In a game I ran this weekend we had a situation come up that I wasn't sure about.
The player character, a murderous inkeeper wanted a magic amulet that he could use to change his wife back to her true form.
The wife, an NPC who had been twisted by sorcery into a flesh eating hag wanted to hold onto and destroy the amulet as she believed it was innately evil.
So the amulet was there. I described the hag wife grabbing it. The player said that he also wanted to grab it so we had a conflict.
We played out the conflict and the player beat me. I said that I'd have my character keep hold of the amulet but I'd happily take damage. I wanted to see if the guy would continue to beat his decrepit wife.
He wanted the amulet more than he wanted to harm his wretched spouse but that's what he got because I'm a mean GM.
We thought about the situation again.
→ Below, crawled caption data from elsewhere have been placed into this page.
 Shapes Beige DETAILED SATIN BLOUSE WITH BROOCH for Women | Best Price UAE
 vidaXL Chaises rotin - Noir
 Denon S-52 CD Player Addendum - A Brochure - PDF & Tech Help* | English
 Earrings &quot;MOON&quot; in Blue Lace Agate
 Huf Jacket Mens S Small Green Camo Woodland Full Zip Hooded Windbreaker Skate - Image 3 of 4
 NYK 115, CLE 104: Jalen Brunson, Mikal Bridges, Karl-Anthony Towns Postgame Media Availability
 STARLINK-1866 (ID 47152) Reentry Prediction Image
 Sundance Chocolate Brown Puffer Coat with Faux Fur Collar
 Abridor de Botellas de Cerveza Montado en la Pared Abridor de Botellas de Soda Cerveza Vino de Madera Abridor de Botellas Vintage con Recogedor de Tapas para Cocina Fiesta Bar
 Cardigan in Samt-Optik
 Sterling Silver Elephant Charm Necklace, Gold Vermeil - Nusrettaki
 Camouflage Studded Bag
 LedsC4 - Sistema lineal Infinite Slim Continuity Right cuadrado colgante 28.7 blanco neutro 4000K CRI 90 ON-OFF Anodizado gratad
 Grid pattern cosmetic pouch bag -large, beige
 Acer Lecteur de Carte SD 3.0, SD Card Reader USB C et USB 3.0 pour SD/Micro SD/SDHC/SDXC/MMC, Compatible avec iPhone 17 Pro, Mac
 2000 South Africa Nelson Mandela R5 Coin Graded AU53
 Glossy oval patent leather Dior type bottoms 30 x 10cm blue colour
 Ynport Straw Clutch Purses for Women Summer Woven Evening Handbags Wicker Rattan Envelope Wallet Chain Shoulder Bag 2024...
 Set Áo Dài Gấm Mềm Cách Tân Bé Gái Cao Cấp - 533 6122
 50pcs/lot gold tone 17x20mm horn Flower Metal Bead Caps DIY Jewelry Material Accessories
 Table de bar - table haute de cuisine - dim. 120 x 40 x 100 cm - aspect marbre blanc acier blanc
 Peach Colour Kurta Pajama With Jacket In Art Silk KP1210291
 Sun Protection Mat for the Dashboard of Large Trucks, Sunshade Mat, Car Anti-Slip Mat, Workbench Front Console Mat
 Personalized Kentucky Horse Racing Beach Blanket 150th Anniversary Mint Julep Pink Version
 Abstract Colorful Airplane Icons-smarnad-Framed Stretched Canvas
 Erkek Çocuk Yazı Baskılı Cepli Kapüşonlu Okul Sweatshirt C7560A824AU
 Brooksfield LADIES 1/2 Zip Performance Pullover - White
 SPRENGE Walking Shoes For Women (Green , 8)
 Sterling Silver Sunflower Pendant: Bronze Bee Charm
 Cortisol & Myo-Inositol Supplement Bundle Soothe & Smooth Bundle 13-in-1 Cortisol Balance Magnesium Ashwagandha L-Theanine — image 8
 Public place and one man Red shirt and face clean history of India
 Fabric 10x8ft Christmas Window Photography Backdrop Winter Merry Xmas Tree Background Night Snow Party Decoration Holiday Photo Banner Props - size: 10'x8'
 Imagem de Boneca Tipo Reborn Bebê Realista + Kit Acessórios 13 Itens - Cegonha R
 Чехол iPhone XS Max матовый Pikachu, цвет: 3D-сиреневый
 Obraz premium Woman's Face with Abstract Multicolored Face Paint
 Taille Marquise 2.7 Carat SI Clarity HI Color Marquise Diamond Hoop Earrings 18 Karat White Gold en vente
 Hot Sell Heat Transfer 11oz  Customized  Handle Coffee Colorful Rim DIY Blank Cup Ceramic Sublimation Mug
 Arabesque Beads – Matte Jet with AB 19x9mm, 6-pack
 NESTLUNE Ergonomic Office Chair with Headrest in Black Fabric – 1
If he'd described his character getting the amulet first and I'd been to one to object and challenge it then the conflict would have ended with him holding the amulet.
Maybe during the conflict he could have described his advantage dice as having seized the amulet but still being accosted. I perhaps didn't let him. My answers to his moves, even when I was losing, were described with the amulet staying with me but the advantage coming from some other source, such as position or pain.
My question is whether I can use my answer, even when losing, to describe the advantage of the winner?
Or is this mechanical encouragement to push the players into action to describe their characters taking an action before another player does?